─── Supplied information ───

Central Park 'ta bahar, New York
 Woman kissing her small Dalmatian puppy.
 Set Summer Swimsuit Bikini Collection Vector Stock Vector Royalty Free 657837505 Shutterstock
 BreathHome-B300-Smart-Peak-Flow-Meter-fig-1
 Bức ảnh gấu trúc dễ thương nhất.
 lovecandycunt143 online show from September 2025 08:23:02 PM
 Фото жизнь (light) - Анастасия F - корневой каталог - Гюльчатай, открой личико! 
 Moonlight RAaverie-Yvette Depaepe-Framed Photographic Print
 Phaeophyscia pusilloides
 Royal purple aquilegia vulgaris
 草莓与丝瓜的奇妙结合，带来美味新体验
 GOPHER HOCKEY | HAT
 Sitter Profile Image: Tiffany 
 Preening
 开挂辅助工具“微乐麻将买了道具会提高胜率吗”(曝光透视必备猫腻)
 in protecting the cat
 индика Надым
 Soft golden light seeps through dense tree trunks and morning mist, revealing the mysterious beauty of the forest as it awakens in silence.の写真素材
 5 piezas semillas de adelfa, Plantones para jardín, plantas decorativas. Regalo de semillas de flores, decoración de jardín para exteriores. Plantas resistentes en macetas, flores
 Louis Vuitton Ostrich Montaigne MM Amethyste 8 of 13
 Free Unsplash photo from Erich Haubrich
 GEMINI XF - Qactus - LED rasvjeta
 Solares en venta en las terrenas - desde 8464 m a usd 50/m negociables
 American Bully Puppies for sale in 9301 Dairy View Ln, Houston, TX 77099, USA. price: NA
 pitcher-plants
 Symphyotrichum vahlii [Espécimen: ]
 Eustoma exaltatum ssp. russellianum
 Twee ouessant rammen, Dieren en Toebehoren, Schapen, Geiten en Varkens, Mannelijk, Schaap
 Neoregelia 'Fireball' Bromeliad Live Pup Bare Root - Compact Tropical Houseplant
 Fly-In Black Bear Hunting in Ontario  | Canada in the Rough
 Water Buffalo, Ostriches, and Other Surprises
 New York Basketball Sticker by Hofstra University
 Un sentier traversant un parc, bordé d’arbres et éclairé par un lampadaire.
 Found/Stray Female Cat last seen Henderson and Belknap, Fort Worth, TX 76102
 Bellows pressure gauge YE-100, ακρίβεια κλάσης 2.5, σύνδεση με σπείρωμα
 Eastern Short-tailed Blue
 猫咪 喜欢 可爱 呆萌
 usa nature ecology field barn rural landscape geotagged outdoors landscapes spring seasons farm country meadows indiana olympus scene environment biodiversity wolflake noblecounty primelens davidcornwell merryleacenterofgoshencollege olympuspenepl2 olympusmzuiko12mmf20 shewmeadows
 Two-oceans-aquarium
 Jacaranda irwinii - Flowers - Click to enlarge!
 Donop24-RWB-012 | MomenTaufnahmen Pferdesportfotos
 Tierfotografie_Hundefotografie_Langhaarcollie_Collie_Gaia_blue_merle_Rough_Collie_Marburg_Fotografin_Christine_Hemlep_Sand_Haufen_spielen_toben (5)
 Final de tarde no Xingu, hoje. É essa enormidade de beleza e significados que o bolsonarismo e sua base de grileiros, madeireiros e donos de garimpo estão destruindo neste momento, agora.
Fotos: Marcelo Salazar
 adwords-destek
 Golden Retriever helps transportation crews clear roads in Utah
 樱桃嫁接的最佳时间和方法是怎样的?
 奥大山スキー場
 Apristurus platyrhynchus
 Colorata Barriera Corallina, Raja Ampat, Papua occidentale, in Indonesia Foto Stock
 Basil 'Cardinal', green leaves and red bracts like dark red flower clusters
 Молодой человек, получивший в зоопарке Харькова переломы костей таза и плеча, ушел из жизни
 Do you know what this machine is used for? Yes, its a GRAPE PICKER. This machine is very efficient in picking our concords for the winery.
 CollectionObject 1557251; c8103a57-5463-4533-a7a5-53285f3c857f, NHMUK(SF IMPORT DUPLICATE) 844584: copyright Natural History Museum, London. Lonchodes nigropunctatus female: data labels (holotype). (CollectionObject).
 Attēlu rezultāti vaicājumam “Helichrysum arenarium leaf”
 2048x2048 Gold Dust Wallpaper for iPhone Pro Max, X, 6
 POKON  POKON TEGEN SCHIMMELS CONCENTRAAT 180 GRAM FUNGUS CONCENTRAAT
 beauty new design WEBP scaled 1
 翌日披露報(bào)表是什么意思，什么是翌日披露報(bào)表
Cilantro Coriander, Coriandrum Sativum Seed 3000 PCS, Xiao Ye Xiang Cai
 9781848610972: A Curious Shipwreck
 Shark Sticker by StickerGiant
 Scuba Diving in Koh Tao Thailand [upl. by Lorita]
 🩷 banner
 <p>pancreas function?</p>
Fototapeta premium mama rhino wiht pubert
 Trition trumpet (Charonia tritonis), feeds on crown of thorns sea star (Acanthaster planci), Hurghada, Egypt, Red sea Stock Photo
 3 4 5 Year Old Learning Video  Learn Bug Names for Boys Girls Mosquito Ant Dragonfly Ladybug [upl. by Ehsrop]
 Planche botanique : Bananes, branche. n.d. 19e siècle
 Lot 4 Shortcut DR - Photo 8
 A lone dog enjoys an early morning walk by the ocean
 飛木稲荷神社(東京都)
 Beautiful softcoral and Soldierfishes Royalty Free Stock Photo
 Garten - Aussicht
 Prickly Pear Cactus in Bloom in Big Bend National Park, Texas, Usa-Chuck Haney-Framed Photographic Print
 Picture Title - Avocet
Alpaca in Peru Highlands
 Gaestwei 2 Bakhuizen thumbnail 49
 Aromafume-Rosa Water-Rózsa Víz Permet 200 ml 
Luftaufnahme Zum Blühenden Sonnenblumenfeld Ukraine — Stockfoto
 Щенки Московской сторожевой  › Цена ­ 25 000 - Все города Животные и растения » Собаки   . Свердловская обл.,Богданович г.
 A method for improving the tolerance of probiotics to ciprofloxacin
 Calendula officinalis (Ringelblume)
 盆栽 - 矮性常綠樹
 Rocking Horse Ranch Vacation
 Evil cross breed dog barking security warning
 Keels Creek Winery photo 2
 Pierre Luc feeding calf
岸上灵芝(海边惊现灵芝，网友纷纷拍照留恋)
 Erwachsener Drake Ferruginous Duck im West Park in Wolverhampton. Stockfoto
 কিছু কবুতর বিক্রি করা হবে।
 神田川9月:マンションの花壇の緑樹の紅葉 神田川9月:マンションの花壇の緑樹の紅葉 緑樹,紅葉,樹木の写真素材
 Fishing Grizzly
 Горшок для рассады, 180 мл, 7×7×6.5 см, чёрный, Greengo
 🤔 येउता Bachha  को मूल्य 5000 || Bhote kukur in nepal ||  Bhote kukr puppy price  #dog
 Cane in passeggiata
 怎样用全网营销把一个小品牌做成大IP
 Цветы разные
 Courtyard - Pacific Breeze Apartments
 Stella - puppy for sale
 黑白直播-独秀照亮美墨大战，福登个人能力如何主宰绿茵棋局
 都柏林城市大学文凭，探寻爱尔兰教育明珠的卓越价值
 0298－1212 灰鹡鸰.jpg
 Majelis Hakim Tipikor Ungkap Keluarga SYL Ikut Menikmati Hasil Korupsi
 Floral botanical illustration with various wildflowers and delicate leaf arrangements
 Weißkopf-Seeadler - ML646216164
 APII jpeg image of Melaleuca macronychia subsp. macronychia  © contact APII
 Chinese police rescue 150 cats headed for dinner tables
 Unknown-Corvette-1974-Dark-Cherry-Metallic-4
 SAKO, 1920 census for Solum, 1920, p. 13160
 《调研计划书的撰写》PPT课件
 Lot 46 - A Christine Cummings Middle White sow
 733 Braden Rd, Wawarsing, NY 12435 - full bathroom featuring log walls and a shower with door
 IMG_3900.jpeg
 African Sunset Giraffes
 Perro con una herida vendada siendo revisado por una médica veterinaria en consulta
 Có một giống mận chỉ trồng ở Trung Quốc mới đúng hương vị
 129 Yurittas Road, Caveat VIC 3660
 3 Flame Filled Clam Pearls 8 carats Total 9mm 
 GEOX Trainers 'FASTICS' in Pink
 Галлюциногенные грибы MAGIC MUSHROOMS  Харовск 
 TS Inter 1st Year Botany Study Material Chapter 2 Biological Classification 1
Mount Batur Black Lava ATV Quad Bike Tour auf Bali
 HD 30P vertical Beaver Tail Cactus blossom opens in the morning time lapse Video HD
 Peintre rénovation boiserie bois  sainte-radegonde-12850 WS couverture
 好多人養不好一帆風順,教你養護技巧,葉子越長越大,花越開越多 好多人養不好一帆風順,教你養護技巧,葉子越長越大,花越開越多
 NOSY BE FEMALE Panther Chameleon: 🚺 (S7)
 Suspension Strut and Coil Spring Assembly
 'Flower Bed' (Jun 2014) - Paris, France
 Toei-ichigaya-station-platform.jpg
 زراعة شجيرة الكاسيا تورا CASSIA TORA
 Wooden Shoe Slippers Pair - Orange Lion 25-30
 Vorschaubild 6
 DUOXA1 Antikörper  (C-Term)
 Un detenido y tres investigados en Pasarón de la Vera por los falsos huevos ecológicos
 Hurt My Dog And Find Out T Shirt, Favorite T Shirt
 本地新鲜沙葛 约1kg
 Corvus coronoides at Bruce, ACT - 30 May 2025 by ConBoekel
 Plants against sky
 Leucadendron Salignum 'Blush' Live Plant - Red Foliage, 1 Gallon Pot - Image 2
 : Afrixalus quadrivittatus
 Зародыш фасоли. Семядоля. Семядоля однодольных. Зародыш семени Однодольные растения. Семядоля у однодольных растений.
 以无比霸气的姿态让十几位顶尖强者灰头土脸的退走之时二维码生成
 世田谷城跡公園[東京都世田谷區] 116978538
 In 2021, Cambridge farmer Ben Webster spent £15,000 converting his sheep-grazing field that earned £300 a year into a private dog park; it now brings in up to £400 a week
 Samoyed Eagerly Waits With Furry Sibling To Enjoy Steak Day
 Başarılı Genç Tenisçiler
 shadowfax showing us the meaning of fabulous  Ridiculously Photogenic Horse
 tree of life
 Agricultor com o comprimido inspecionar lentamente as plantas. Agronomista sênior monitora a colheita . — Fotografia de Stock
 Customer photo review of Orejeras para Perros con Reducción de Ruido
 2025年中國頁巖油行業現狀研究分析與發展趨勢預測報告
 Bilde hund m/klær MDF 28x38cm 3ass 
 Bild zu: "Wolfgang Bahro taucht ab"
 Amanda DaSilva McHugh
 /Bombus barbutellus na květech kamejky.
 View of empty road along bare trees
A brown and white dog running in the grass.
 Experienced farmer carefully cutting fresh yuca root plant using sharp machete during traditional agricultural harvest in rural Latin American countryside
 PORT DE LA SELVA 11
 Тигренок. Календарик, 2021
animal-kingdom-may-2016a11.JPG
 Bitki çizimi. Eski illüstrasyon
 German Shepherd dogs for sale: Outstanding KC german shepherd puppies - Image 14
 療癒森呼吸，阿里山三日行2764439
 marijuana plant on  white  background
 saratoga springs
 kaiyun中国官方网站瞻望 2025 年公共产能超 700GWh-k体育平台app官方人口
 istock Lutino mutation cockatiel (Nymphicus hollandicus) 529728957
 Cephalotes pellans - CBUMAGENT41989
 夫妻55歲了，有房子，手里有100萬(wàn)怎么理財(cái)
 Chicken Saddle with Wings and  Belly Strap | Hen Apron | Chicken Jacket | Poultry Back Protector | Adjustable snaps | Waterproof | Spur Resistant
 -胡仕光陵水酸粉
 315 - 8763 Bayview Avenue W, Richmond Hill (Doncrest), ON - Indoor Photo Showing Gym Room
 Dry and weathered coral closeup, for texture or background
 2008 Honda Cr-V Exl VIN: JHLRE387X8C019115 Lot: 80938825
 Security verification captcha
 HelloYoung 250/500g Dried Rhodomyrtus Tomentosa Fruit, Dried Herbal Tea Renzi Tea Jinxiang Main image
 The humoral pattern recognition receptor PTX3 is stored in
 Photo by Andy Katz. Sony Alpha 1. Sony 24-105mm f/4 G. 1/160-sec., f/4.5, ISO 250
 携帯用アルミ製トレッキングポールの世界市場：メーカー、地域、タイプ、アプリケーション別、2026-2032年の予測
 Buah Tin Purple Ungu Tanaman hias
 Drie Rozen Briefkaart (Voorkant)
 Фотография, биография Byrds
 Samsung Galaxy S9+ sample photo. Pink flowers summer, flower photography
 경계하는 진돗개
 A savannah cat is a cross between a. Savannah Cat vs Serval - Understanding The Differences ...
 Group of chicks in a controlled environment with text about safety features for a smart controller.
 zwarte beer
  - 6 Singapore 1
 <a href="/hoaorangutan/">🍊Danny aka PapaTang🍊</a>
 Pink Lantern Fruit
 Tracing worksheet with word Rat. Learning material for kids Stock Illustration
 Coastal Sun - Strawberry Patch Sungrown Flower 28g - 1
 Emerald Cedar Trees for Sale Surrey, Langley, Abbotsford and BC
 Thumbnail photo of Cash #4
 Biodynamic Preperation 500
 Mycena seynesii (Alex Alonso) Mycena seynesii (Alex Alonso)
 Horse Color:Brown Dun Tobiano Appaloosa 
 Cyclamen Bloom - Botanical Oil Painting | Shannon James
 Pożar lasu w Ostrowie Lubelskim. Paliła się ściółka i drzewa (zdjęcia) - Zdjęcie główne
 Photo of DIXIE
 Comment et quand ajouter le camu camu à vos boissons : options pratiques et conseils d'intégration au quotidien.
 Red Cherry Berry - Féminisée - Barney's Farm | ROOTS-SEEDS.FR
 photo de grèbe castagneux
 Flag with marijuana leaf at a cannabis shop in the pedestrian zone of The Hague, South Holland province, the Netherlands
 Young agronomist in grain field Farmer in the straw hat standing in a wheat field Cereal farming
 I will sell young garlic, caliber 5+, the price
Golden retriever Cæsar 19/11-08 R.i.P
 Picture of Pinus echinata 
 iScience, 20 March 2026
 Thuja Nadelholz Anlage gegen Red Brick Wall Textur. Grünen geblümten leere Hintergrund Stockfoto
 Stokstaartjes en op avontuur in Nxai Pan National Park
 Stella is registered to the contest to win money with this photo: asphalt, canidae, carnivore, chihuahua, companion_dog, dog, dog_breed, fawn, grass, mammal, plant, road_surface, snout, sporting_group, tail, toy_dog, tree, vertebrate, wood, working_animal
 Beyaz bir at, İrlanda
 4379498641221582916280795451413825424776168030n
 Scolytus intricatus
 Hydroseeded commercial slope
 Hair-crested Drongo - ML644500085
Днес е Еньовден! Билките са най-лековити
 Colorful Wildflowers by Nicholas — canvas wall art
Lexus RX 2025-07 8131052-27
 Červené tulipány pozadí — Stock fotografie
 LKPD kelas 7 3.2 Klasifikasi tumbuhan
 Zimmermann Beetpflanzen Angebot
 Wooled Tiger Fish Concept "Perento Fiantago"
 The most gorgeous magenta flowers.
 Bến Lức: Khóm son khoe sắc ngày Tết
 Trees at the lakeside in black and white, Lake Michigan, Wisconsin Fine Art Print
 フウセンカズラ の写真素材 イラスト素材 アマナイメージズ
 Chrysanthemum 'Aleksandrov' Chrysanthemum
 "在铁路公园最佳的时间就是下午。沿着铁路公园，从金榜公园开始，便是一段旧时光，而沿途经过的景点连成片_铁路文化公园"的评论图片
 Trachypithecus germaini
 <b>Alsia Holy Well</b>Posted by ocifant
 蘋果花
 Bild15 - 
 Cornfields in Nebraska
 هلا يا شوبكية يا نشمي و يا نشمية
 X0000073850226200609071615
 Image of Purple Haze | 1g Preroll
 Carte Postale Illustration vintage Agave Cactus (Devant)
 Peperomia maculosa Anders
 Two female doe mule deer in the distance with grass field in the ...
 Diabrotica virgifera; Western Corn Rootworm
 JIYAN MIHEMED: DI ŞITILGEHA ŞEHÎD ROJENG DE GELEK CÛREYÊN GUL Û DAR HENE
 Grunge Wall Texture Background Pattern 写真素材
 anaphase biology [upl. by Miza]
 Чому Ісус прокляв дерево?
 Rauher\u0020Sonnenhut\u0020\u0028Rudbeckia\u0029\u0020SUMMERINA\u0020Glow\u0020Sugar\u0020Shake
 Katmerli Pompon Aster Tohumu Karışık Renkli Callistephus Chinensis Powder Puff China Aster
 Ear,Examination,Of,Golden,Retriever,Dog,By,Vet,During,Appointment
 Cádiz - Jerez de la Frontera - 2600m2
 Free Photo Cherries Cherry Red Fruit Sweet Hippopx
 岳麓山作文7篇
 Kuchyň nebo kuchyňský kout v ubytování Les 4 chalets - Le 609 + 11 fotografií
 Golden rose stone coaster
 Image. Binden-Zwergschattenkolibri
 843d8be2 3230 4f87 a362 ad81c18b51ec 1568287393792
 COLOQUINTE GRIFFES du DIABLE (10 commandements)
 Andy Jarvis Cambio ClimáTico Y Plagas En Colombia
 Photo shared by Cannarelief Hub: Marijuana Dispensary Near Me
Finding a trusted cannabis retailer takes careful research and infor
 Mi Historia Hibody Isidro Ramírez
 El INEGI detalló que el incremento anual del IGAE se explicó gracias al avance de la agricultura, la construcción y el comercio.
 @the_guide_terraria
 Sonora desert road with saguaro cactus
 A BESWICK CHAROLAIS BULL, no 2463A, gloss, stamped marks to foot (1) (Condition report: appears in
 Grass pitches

───

Exact reproduction of the lines from the top of the material through the line where "Soft golden light" appears is required, both boundary lines included, with no other output.

Reply to the exercise:
Central Park 'ta bahar, New York
 Woman kissing her small Dalmatian puppy.
 Set Summer Swimsuit Bikini Collection Vector Stock Vector Royalty Free 657837505 Shutterstock
 BreathHome-B300-Smart-Peak-Flow-Meter-fig-1
 Bức ảnh gấu trúc dễ thương nhất.
 lovecandycunt143 online show from September 2025 08:23:02 PM
 Фото жизнь (light) - Анастасия F - корневой каталог - Гюльчатай, открой личико! 
 Moonlight RAaverie-Yvette Depaepe-Framed Photographic Print
 Phaeophyscia pusilloides
 Royal purple aquilegia vulgaris
 草莓与丝瓜的奇妙结合，带来美味新体验
 GOPHER HOCKEY | HAT
 Sitter Profile Image: Tiffany 
 Preening
 开挂辅助工具“微乐麻将买了道具会提高胜率吗”(曝光透视必备猫腻)
 in protecting the cat
 индика Надым
 Soft golden light seeps through dense tree trunks and morning mist, revealing the mysterious beauty of the forest as it awakens in silence.の写真素材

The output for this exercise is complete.